#### [Extracted information]
'''
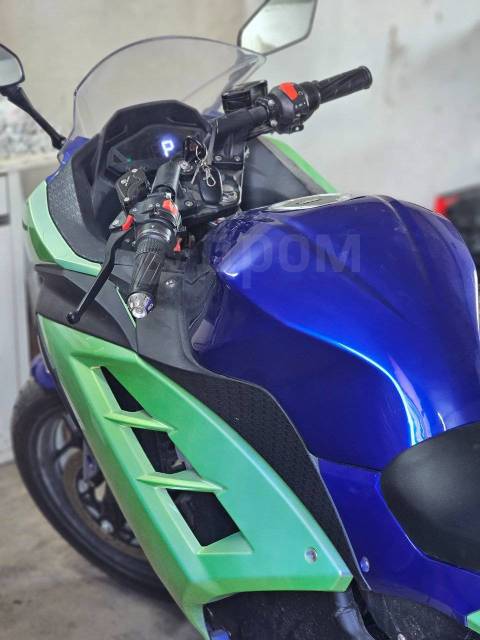 Kawasaki Ninja. , ,   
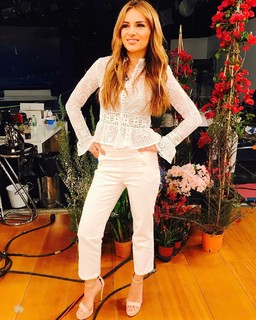 Eleni Tsolaki feet photo thumbnail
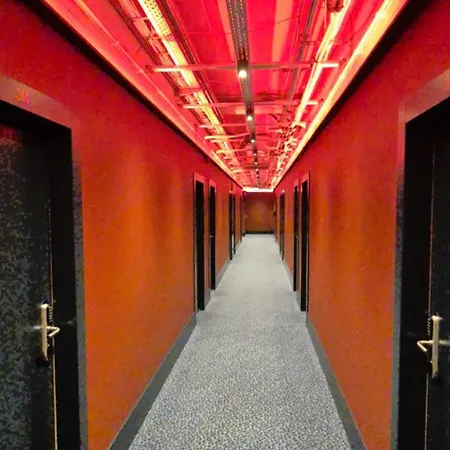 Private In A Building Appartamento *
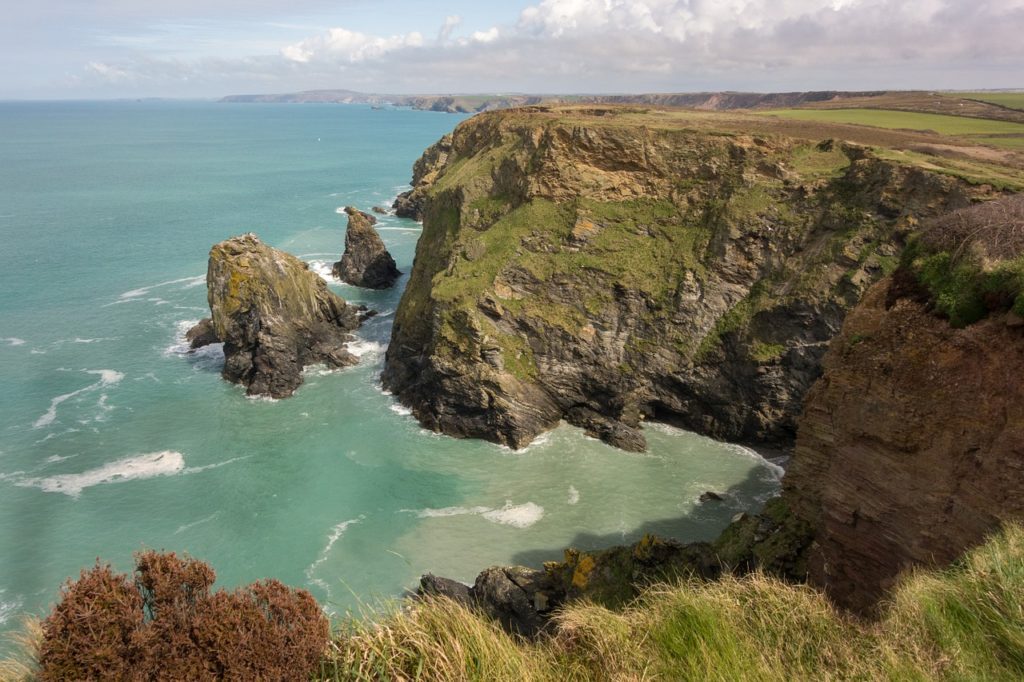 Dramatic cliffs on the Cornish coastline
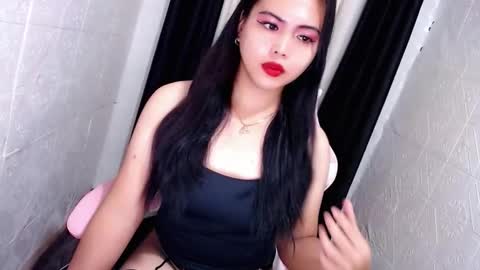 Snapshot of xxhotsexydivinexx chatting on September 9, 11:36 pm divine online show from September 9, 11:36 pm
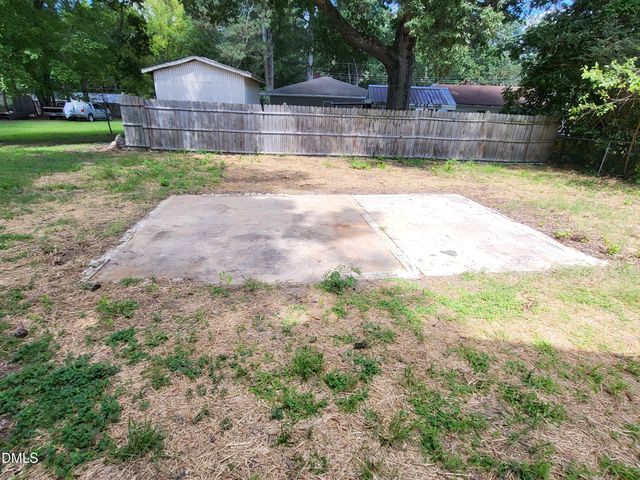 121 N Elizabeth Street, Henderson, NC 27536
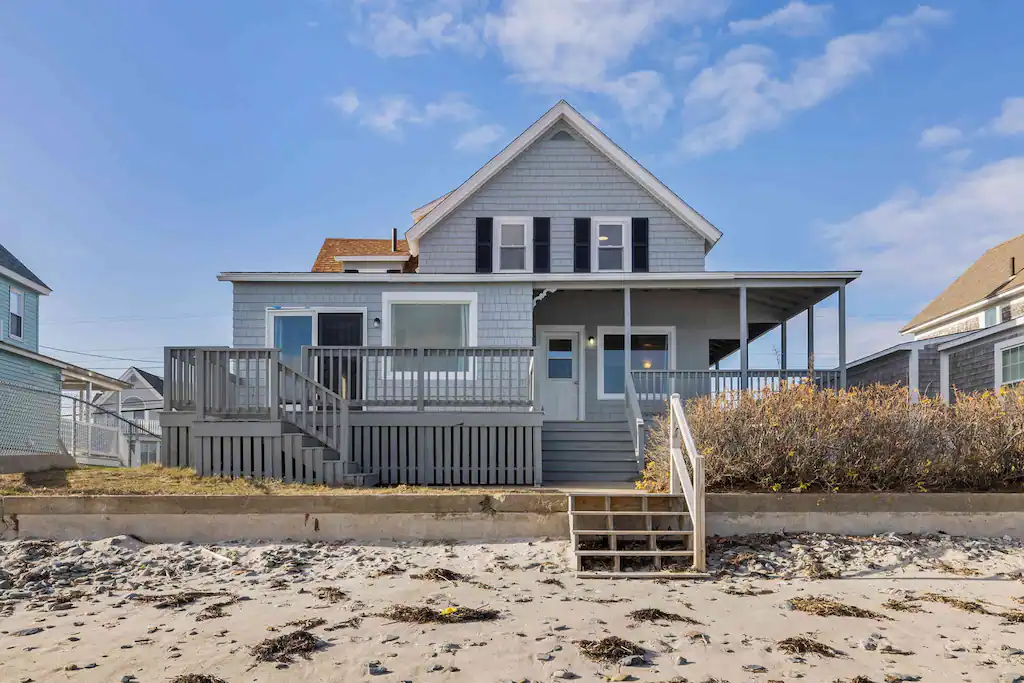 Stunning Beachfront Home With Amazing Ocean Views & Beachside Porch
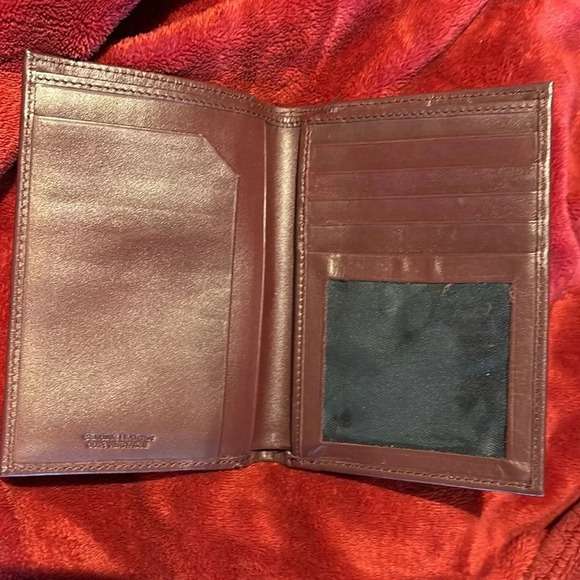 Genuine Leather wallet passport card holder in chocolate Brown - Picture 5 of 17
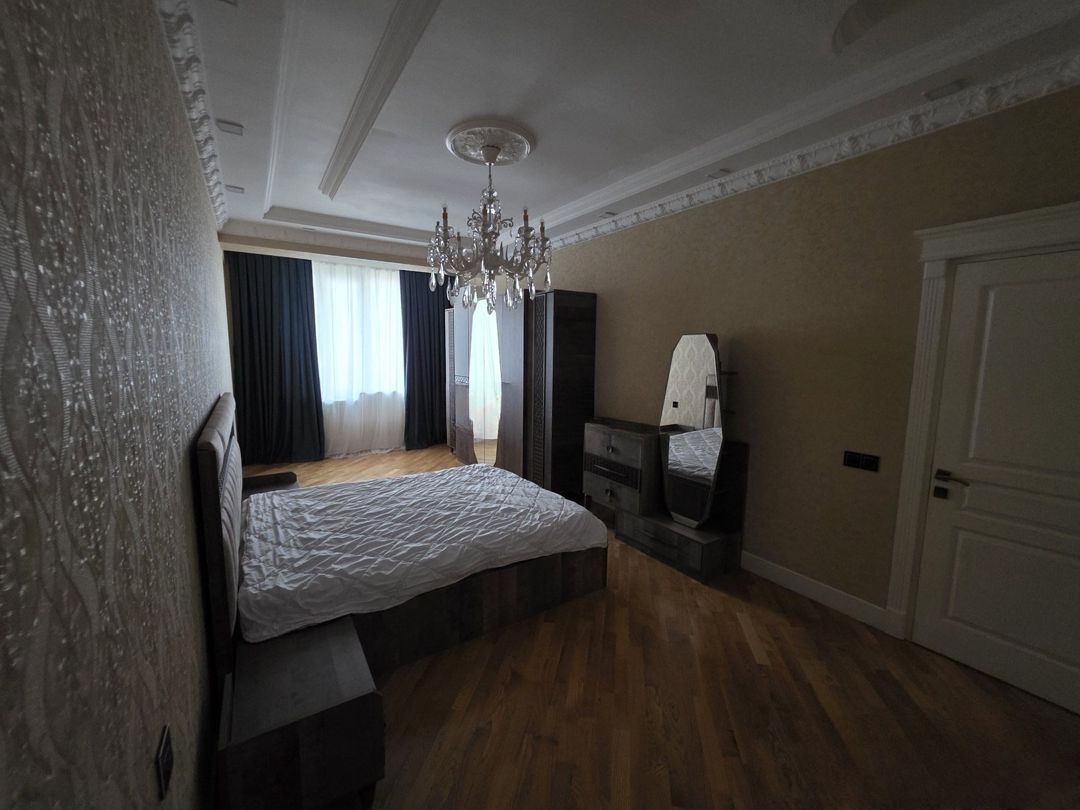 İcarəyə verilir 4 otaqlı yeni tikili 138 m² — Mənzil, Bakı (2)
'''
#### [Problem description]
Word for word, output the lines from the line bearing "Eleni Tsolaki feet photo thumbnail" through the end of the records above, and only those, without the pictures.

#### [Task answer]
 Eleni Tsolaki feet photo thumbnail
 Private In A Building Appartamento *
 Dramatic cliffs on the Cornish coastline
 Snapshot of xxhotsexydivinexx chatting on September 9, 11:36 pm divine online show from September 9, 11:36 pm
 121 N Elizabeth Street, Henderson, NC 27536
 Stunning Beachfront Home With Amazing Ocean Views & Beachside Porch
 Genuine Leather wallet passport card holder in chocolate Brown - Picture 5 of 17
 İcarəyə verilir 4 otaqlı yeni tikili 138 m² — Mənzil, Bakı (2)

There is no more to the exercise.